I have no recollection of any major student protest the many years I was at the Yeshiva University main campus. I was not unique. YU, unlike some other universities, rarely had protests. While at YU, one of the protests that I did hear about involved Rabbi Soloveitchik (the Rav) in the late 1960s objecting to the change of status of the yeshiva to become a university. I did not think much of it, since I thought it had no practical effect. Years later, after the New York County Supreme Court Judge’s decision in the YU Pride Alliance case, I realized I was wrong. The Court relied upon the change in status as grounds to apply the New York City Human Rights Law (NYCHRL) to YU. I then investigated to learn about the protest involving the Rav.

In 1897, YU had been incorporated as the Rabbi Isaac Elchanan Theological Seminary Association (REITS) to promote the study of Talmud. In December 1967, YU changed its certificate of incorporation to continue as an educational corporation under the Education Law of the State of New York. There appeared to be little discussion or opposition to the change.
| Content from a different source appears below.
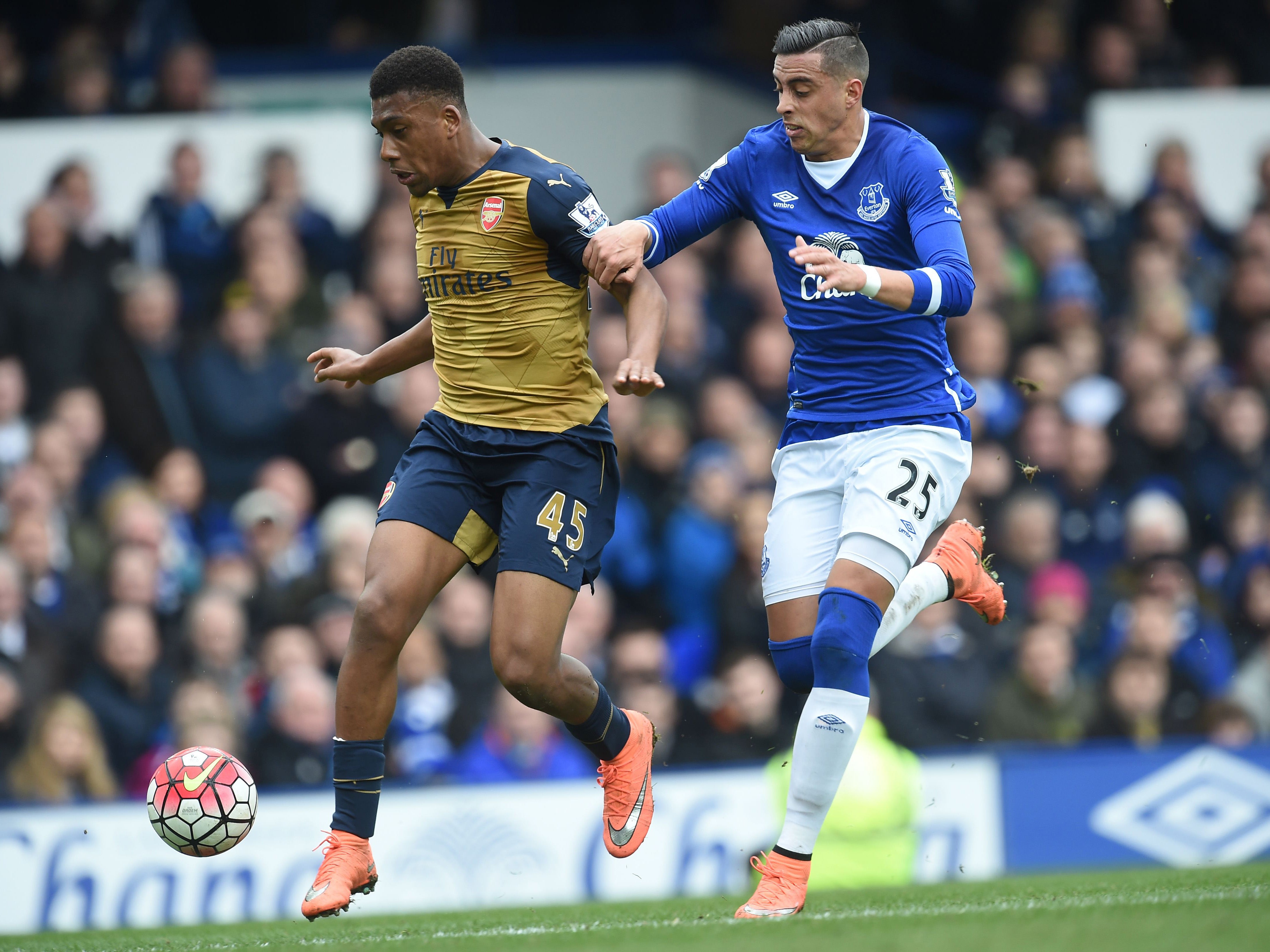 Was drawn out of position easily for the first goal, and left for dead by Iwobi after losing possession for the second. 5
In December 1969, YU filed a petition with the Board of Regents. The plan was to “spin off” REITS from YU to be a separate entity. Various degrees with religious connotations such as Master of Religious Education would be eliminated. There was a backlash to this proposal. A student organization, Concerned Student Coalition, consisting of students from Yeshiva College and Stern College, protested the change.

The culmination occurred on April 12, 1970, when two hundred students protested at the main campus. It would have been more, but the Rav discouraged the protest. However, the Rav publicly indicated his support for their goals.
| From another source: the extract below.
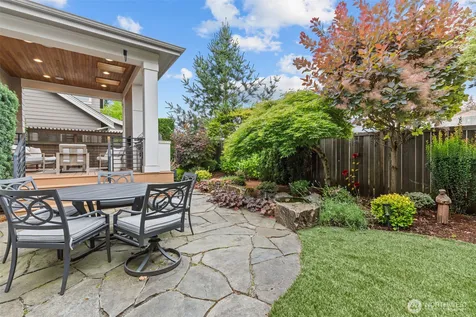 1527 Lyons Avenue NE Renton WA 98059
It is not mere coincidence that this happened in April 1970, a month before the killing of four students by the National Guard at Kent State. There was a new mood of activism on college campuses. While many of the students at other colleges were protesting the war in Vietnam, these students were protesting what they believed was the YU administration’s war on Torah.

While the protests were happening, the Rav spoke at the “Torah of the Seventies” program in the main building. The speech was reported in detail in the April 15, 1970, edition of The Observer, the Stern College newspaper. I relied upon the paper’s description in detail of the speech. Fifty-two years later, the Rav’s comments look prophetic.

The Rav regretted not speaking out earlier (1967) about the change in the school’s status, but felt there was still time at this stage to stop these changes.

The Rav was frightened about Yeshiva College and Stern College being reorganized as a completely secular institution to receive money per instructions of a regent in Albany. You cannot rely upon assurances made in Albany that nothing will change. For example, what right would YU have to require Shabbos observance in the dormitories? Enforcement of dietary laws has the same problem. “Would the Board of Regents accept the regulation of Talmud classes from nine to three? What if Harvard introduced the regulation that all math or chemistry majors study Latin or Greek from nine to three?”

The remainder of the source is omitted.